Our gracious Lord, we thank You for Your grace, Lord, that in
spite of us, You are gracious to us for Christ's sake. Lord,
we thank You for exalting Him in our eyes. Lord, let it be
true. Let it reach the heart, Lord. Let it not just be a head knowledge,
Save us from outward self-righteous contentment and vain dead religion,
Lord, but touch our hearts, Lord. Reach in and touch us, Lord,
and deliver us from the dead works of this world and this
flesh. And bring us into the fold of Christ with your sheep.
Make us yours by adoption. Cover us with the blood of Christ.

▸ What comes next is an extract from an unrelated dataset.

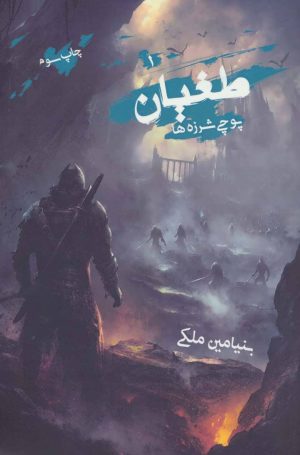 کتاب طغیان | انتشارات موج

cleanse us from our sins, and give us a heart, a living heart
formed of You, Lord, that loves You and pants for You and hungers
and thirsts for Your righteousness. Help us to grow in this grace,
Lord, keep us. Help us to grow in knowledge
and love for our Savior and for our brethren. We pray this in
Jesus' name, our Lord and Savior. Amen. Alright, we're going to take
the Lord's supper together. And so we'll have Scott and Levi,
if you guys would come, and Scott, if you would say a prayer and
then pass them out. Father, we're thankful again
for our time together. Lord, no place to come to meet
and fellowship and to hear the gospel. And Father, we ask that
you make us satisfied and thankful to be the dog that catches the
crumbs of grace. And Father, we just ask that
you watch over and care for us, watch over those that are ill
and those that have problems that we don't know about. And
Father, we ask that you give traveling mercies to everyone
who's away. And again, Lord, just please guide us and direct
us in Christ's name. These men are passing it out.

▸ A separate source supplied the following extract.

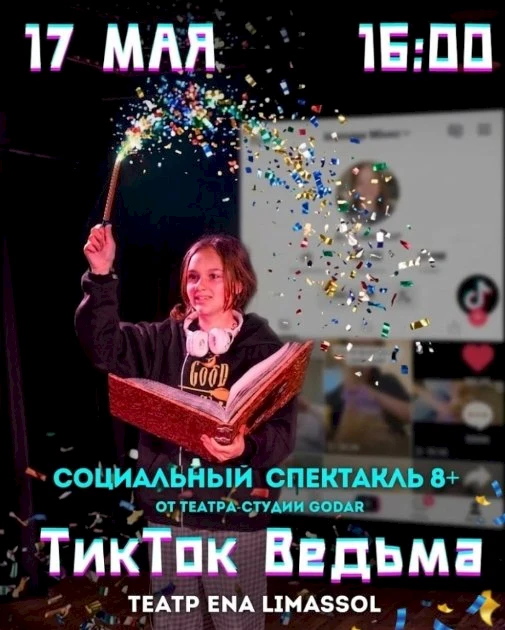 Спектакль «Тикток ведьма» в Лимасоле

Don't feel any pressure to take, but if Christ is your hope, if
you're a sinner, then don't look for any goodness in you. Don't
wait until you're good and better. Take of the Lord, and He's merciful
to the sinner. But if you think of yourself
as anything, then don't take it, but look to the Lord. I'm going to turn to 1 Corinthians
11 and read from there. Paul writes to us in 1 Corinthians
11, verse 23, he said, For I received of the Lord that which also I
delivered unto you, that the Lord Jesus, the same night in
which he was betrayed, took bread, and when he had given thanks,
he break it, and said, Take, eat, this is my body which is
broken for you, and this do in remembrance of me. And after
the same manner also he took the cup, when he had supped,
saying, This cup is the new testament in my blood. This do ye, as often
as ye drink it, in remembrance of me. For as often as ye eat
this bread and drink this cup, ye do show the Lord's death till
he come." And what we're remembering, what we're confessing and taking
this is that we're sinners. We're nothing. There's no works
that we could do to make ourselves righteous and accepted with God.
We're confessing, Lord. You're everything. You're my
hope. You're my salvation. I need you, Lord. Help me, like
that Syrophoenician woman. Help me, Lord. Have mercy upon
me. And that's what we're confessing.
So, if that's your hope, then partake of this remembering the
Lord Jesus Christ and what He's done for you.